My favorite quote from the Slow Food Nation conference this weekend came from Wendall Berry (poet, essayist, farmer, panelist).
He held up a copy of a San Francisco Chronicle piece that said the best advertisement for the Slow Food movement was the pleasure of carefully preparing and lingering over a meal, and then described what the article got wrong. The following account of what he said is from the Journal:
[Berry] said the reporter described pleasure, as it relates to the Slow Food movement, in a limited view — that the description treated pleasure as a specialty, “a form of idleness,” which leaves out the possibility that good work could also be pleasurable… By limiting the ideas behind Slow Food to just “tasteful consumption,” Mr. Berry argued, the movement is limited in its growth.
If the Slow Food movement is going to catch on outside the upper-middle class, it’s going to be a movement about making people want to farm and distribute food locally. Not making them want to drive to consulting gigs in the city, come home, put on Graceland, and cook said locally farmed and distributed food and sit around talking/blogging/referencing David Sedaris. We need more farmers, working less efficiently, in the sense of using less fossil-fuel burning, soil-eroding methods. (See my lionization of Prince Charles, who is admirably blighted with nostalgia for agrarian England.)
Image: Slowfoodnation.org

September 1st, 2008 at 1:52 pm
Slow Food Nation might get support for “more farmers working less efficiently” if they’re big show had been a little more efficient. All I learned from the Taste Pavilions is that slow food is a rip off. I will gladly pay for food that is sustainable farmed and harvested by workers making a living wage. What I will not ever again gladly pay for is the opportunity to enter a disorganized event centered around standing in line. The Slow Food Nation event at Ft. Mason was awful. The “slow dough” was never advertised — the original tickets made it seem like you would have the opportunity to taste everything. In the end for us, though, the limits from the slow dough didn’t even cause the biggest problem. We had plenty left over after spending 3.5 hours to visit 4 pavilions due to the lines. And worse yet, the lines were not marked nor was there anyone there to direct you. At our last tasting pavilion, ice cream, we waited around thinking we were going to blow our last little slow dough circles on a bowl, only to find out we had entered the free taste line, where all you got was a little spoonful. And of course, showing our tickets and asking the worker to just go ahead and give us a bowl didn’t work. Now, we would have gotten in other line and done some more waiting at this point (we were pros by this point in the evening!), but even though it was 8:55pm, they had closed down the line.

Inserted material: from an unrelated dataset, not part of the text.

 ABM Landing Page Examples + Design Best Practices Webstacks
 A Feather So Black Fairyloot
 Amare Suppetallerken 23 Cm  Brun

I will spend the rest of this week making sure everyone I meet knows to never support this organization again. I thought we were supporting slow food. Instead, we were supporting a bunch of rip off artists. Go to the farmers’ market, go to Whole Foods, plant a garden. Do anything but support Slow Food Nation is you want anything other than to waste your money.
September 2nd, 2008 at 4:30 am
Its amazing to know about the slow food event by Americans, I think such fets will help people to come together and can enjoy the foods from them.